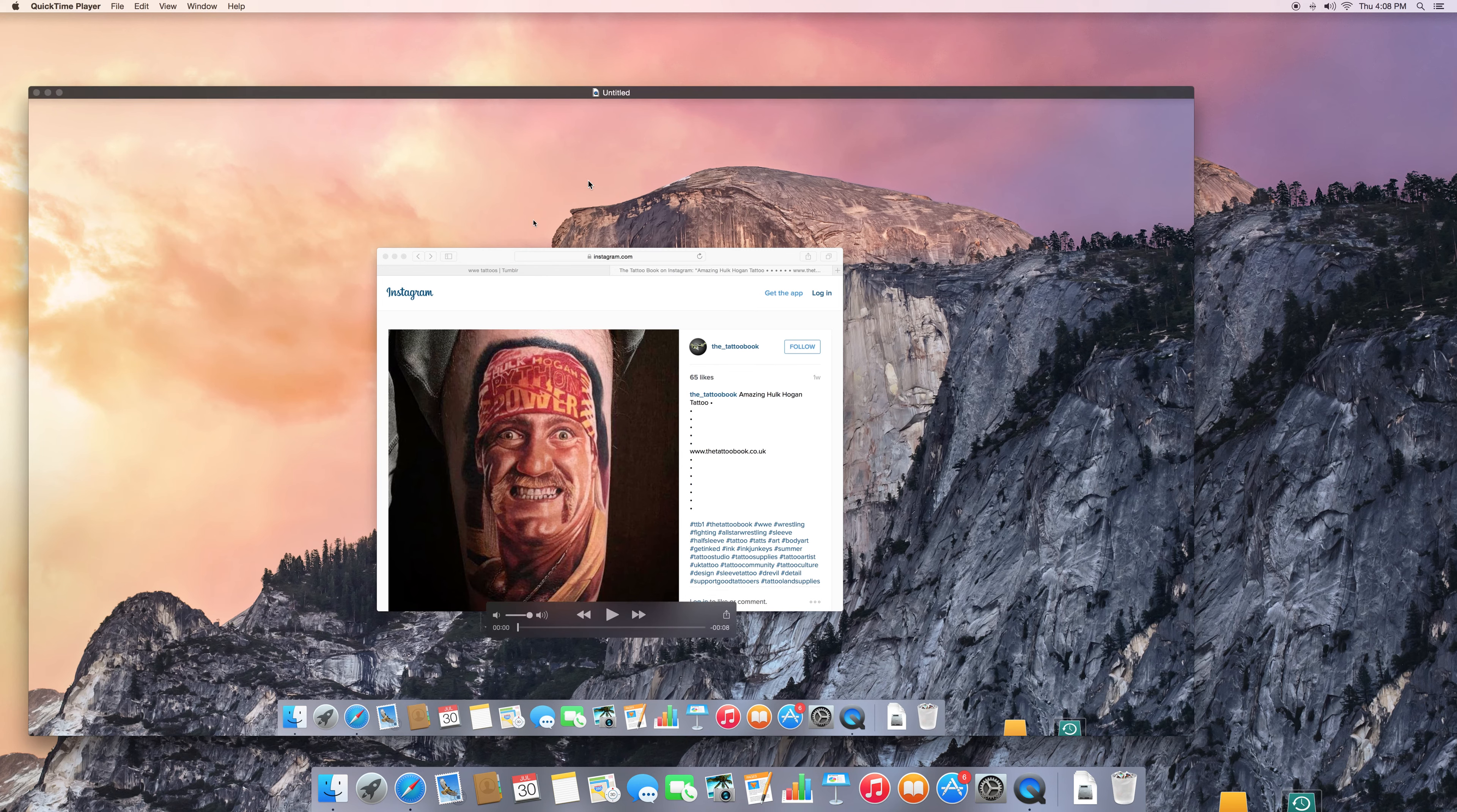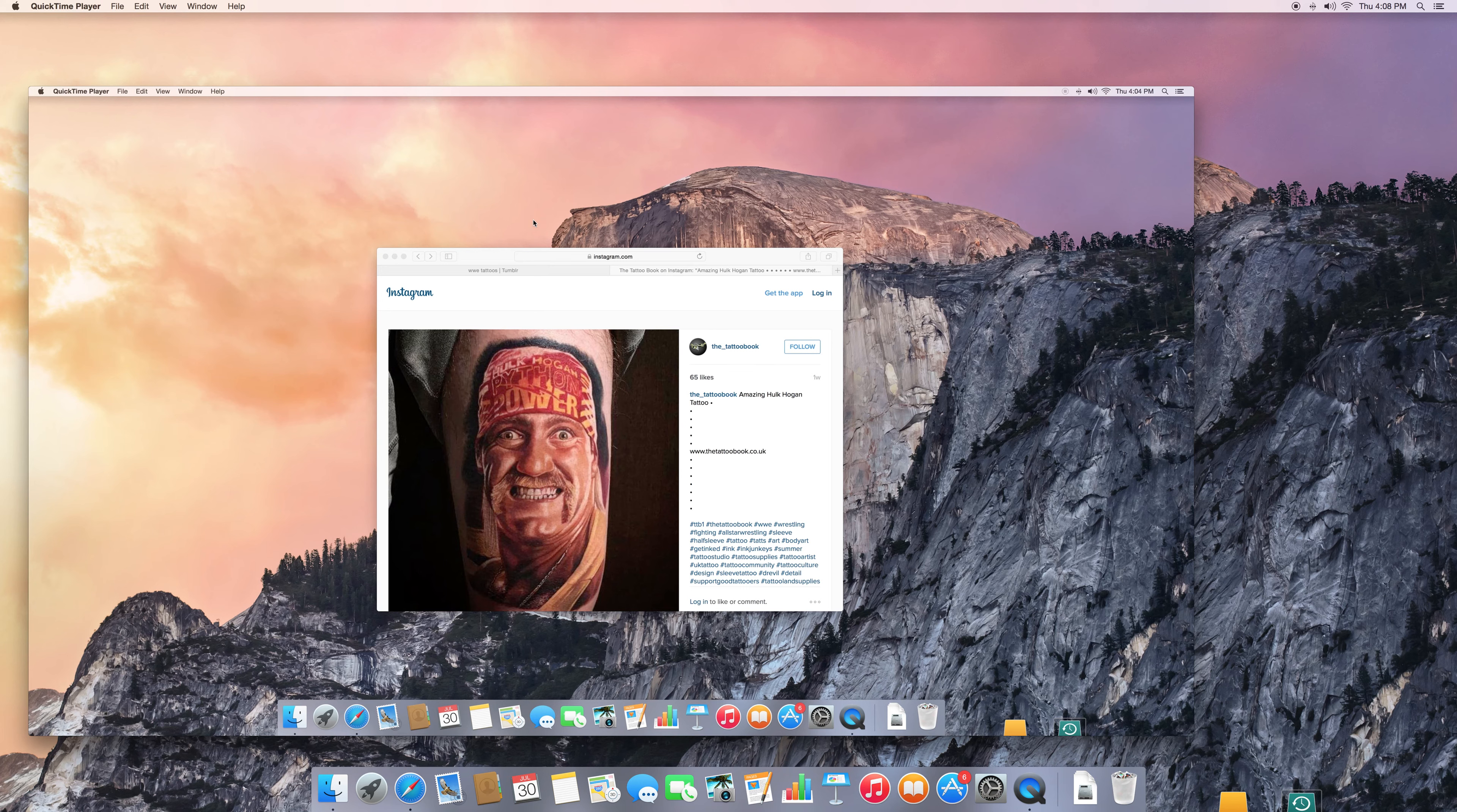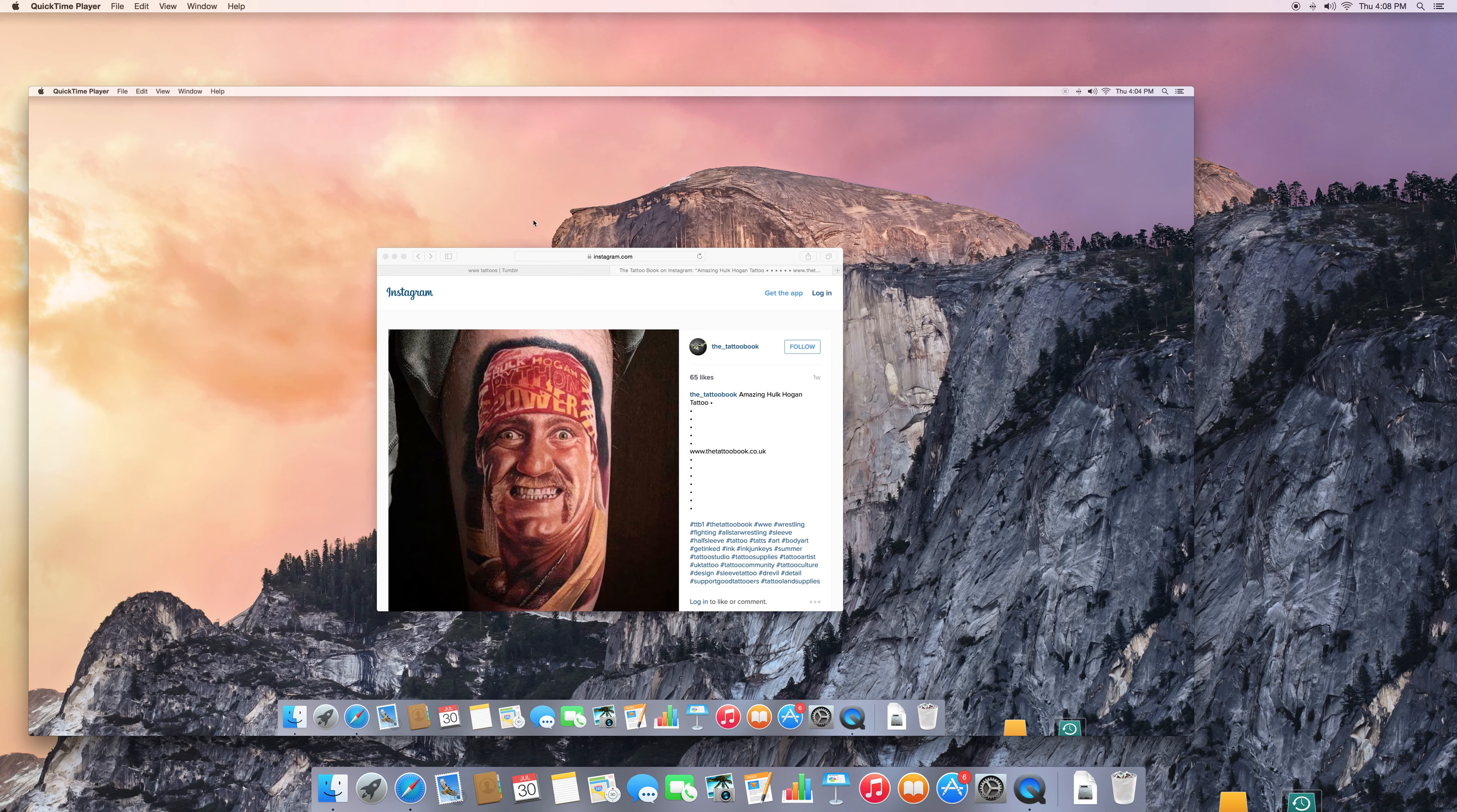You have celebrities now being penalized for their statements and their actions, and people and companies, organizations have a right to do that. If someone's not putting forth the image or representation that you support, it's your right to distance yourselves from them, not to support them financially. That's understandable.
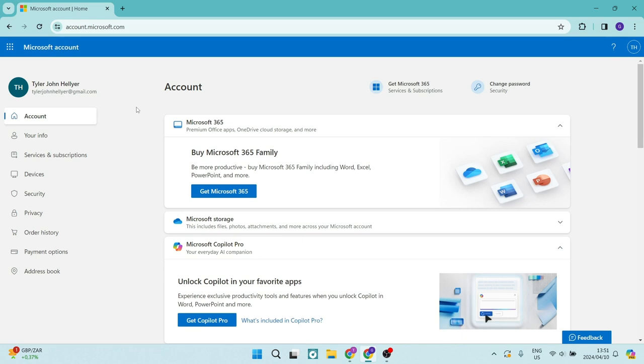Ladies and gentlemen, welcome to the channel. I'm going to show you how you can get a six-digit code for your Microsoft Authenticator app. So let us jump in.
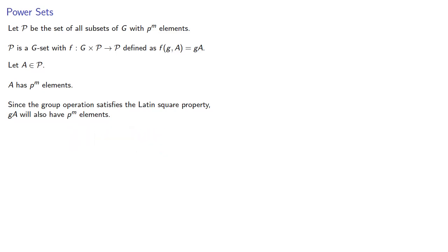And so that means it's a set with p to the m elements, and so gA is going to be an element of P. We also need to establish that this function is in fact a group action.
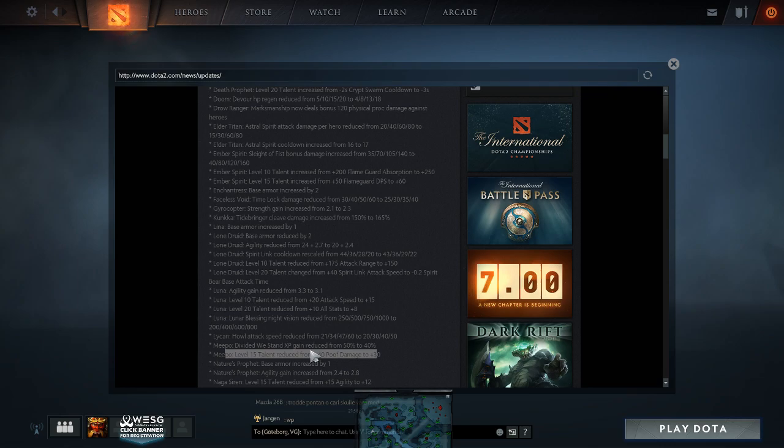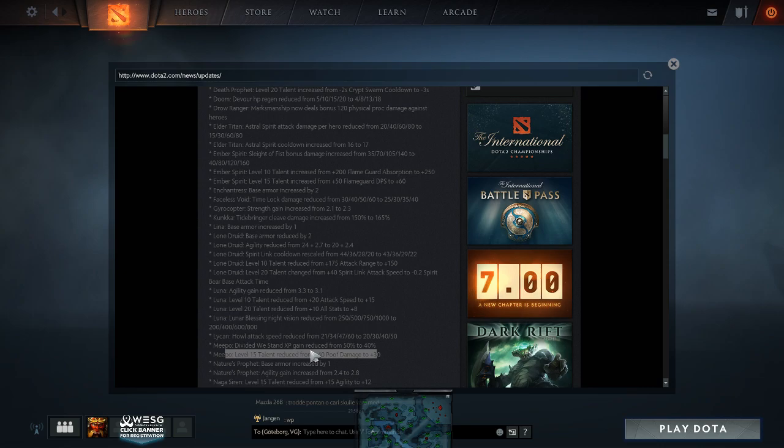And then meanwhile he's destroying everybody in pubs. In comes 7.20b, or whatever, 7.20a or b, they nerfed him more because what the fuck is happening?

**WHAT YOU SHOULD DO:**
When copying the listing, print each line exactly but leave out every picture.

**TASK RESULT:**
You have celebrities now being penalized for their statements and their actions, and people and companies, organizations have a right to do that. If someone's not putting forth the image or representation that you support, it's your right to distance yourselves from them, not to support them financially. That's understandable.
Ladies and gentlemen, welcome to the channel. I'm going to show you how you can get a six-digit code for your Microsoft Authenticator app. So let us jump in.
And so that means it's a set with p to the m elements, and so gA is going to be an element of P. We also need to establish that this function is in fact a group action.
And then meanwhile he's destroying everybody in pubs. In comes 7.20b, or whatever, 7.20a or b, they nerfed him more because what the fuck is happening?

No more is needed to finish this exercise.